Dalla polvere all'altare: la nuova vita dell'alpino

Dalla polvere all'altare: la nuova vita dell'alpino

«E' la vita e non la morte a non avere confini». Quando un grande scrittore come Gabriel Garcìa Marquez stila frasi come queste, pensiamo che il brivido nel leggerle venga dal bagliore della fantasia, invece sorge dalla realtà che si svela: in fondo sappiamo che la realtà è questa, pur non toccandola. Adesso la tocchiamo, osservando il volto felice di Luca e Sarah Barisonzi, che si sono sposati due giorni fa a Erba sul lago di Como.
La voglia di vita del caporalmaggiore dell'Ottavo reggimento degli alpini, ferito in Afghanistan il 18 gennaio 2011 e rimasto in sedia a rotelle, è brillata come una mina di luce fin da quell'incidente, perché Luca Barisonzi mostrò che un alpino continua a combattere, avendo sposato la Patria per uno slancio d'amore: arruolarsi in un'arma non è incanalare una violenza ma indossare la libertà di una piuma d'aquila su un cappello. E l'aquila vola sulle cime. L'altro giorno l'amore di Luca ha incoronato una donna americana, Sarah, una donna che non è «dei paesi tuoi», ma la tragedia ha portato l'alpino italiano verso una speranza universale, tanto da realizzare il suo sogno di coppia insieme a un amore lontano, che vide in fotografia pochi giorni prima di diventare tetraplegico.
Il soldato ha perduto l'uso delle gambe ma non quello del cuore, avendo sempre creduto che: «Quando il cuore e la testa funzionano insieme, tutto si può raggiungere». Sarah non ha mai conosciuto suo marito quando era «normale», ovvero camminava, perché dopo un'appassionata corrispondenza è andata a trovarlo nell'ospedale militare dove era ricoverato, dopo che una tempesta di sabbia e di spari in quel 18 gennaio 2011 lo ferì gravemente e gli portò via il suo amico, il commilitone Luca Sanna.
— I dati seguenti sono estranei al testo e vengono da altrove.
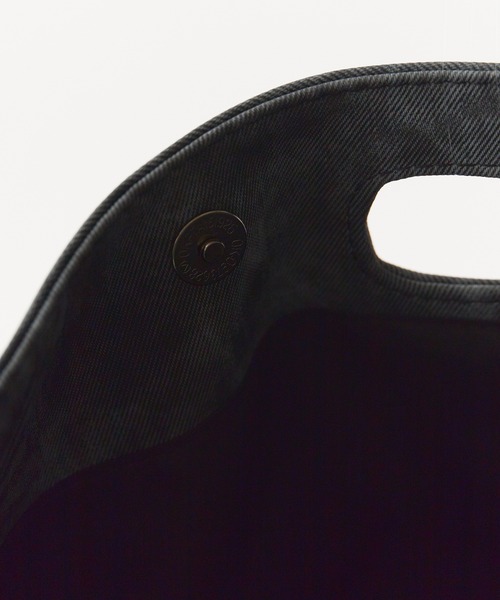 Theater code(シアターコード)の「【15%OFF】dyed pattern fake leather bag / ダイド パターン フェイクレザー バッグ 2026年春夏(ショルダーバッグ・メンズ・グレー・FREE)」の17枚目の写真
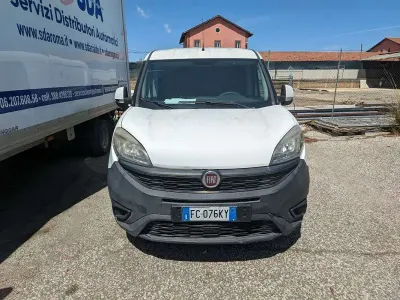 Usata Fiat Doblò Active 103 CV (75 kW) 2016 Bianco Monovolume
Sanna ha lasciato i suoi giovani anni nella tempesta, Bisonzi non ha lasciato nulla, neppure il giovane entusiasmo d'essere andato in Afghanistan «per aiutare i bambini, perché non abbiano più fame».
Anche l'entusiasmo si è poratto indietro, nonostante la sua esistenza sia cambiata radicalmente. L'entusiasmo: una spinta di volontà e sentimento che gli ha fatto scrivere un libro, «La patria chiamò», Mursia Edizioni, e gli ha fatto pronunciare un «Sì», grazie al quale non si donano solo le gambe come in una battaglia militare, ma si dona il corpo intero, dai capelli all'ombelico ai malleoli, come «Il Cantico dei Cantici» insegna. «Ora combatto per dare a mia moglie tutto l'amore possibile, per poterla accarezzare, per fare l'amore con lei» ha dichiarato Luca.
Ognuno di noi ha una frase a cui è legato, quella di Luca Bisonzi è di Theodore Roosvelt: «Non è chi critica a contare. Non è chi dice che chi agisce avrebbe potuto agire meglio, ma il credito va all'uomo che è davvero nell'arena, il cui viso è sfigurato dalla polvere, dal sudore e dal sangue.

A colui che se vince sperimenta il trionfo dell'alto raggiungimento e, se fallisce, fallisce almeno osando grandemente, in modo che la sua anima non sarà tra quelle fredde e timide che non conoscono vittoria nè sconfitta».